Montesquieu’s
Philosophy of Liberalism: A Commentary on The Spirit of the Laws. By Thomas L. Pangle.
(Chicago: University of Chicago Press, 1973)*
Reviewed
by W. B. Allen
Professor Pangle’s work
reclaims Montesquieu as a critical theorist to be considered in any attempt to
understand the American regime and the principles of modern liberalism. Among
Americans, only Alexander Hamilton pointed toward the necessity of considering
Montesquieu’s practical proposals in theoretical terms. Hamilton justly accuses
his adversaries of having grasped the “observations” from one part of Montesquieu’s
work without adverting to his “sentiments” in another part. Professor Pangle enables
us to accept that challenge in a manner that has not been equaled since
Hamilton first formulated it.
According to Pangle,
Montesquieu—“of the handful of thinkers” at the origins of liberalism—“emerges
as the most helpful and relevant for us.” Following his precursors, he
subjected their principles to a “new analysis.” A return to Montesquieu,
therefore, should rekindle fundamental consideration of our regime: “What we
require and what we do not meet with in contemporary attempts to defend the
liberal, open society is a sympathetic inquiry that goes to the roots, that
does not take this society’s existence or its desirability for granted. . .”

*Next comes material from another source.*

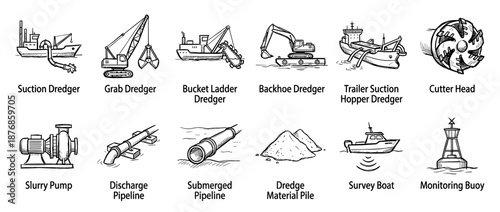 Hand-drawn dredging equipment and machinery icon set showing various types of dredgers, pumps, pipelines, and boats in a detailed black and white sketch illustration style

(p. 2). What is proposed is at once a greater understanding of Montesquieu and
ourselves. That such understanding is needed now, especially, results from “the
modern crisis of reason itself.” Liberal intellectuals are no longer capable of
responding to the “dissatisfied,” the “critics,” since they no longer possess “faith
in the validity of evaluative reason.” The challenge of left liberalism has
disclosed a defect of right liberalism. This work seeks to supply the defect.

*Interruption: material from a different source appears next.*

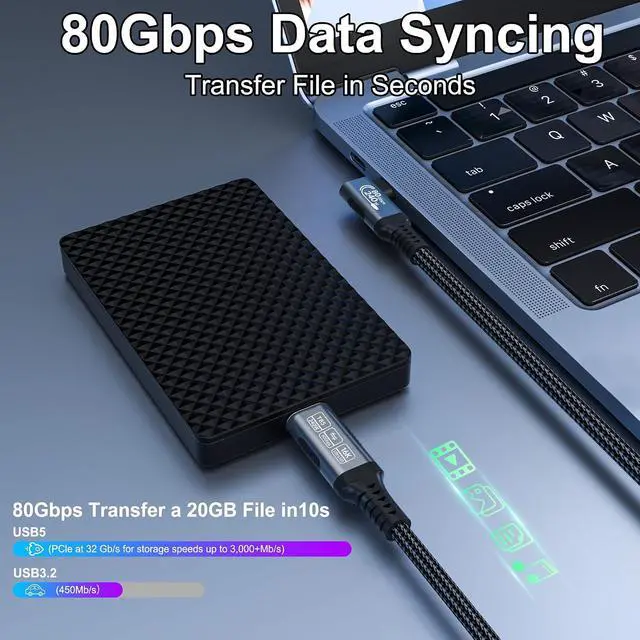 Alt view image 2 of 7 - 240w 80gbps USB c Cable Compatible with Thunderbolt 5 Cable Right Angle 6.6ft, 90 Degree USB C Cable, 8K/16k 60Hz usbc Monitor Cable for Thunderbolt 4,USB c Video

Because of the importance of
the work, it is necessary to regard it from its most important aspect. Perhaps
the most important part is footnote fifteen of chapter three, where Professor
Pangle states his case for reading Montesquieu’s attack on Hobbes as feigned.
It is through that consideration that the defect of right liberalism emerges
plainly. The chapter in which the note occurs is a consideration of “human
nature and natural law,” and it is essential to the interpretation of the work
as a whole.
Provisionally it must be
said that, although it is abundantly clear that sufficient political inducement
to dissociate oneself from Hobbes existed, nowhere is there drawn a principle
which depicts the purpose of a feigned rejection. Equally, therefore, the reader
cannot discern whether the praises and attacks on Plato, Aristotle, and
Machiavelli are to be taken literally or as feigned. If taken literally, there
arises the difficulty that the literal understanding of the latter, in fact,
agrees significantly with literal understanding of the attack on Hobbes.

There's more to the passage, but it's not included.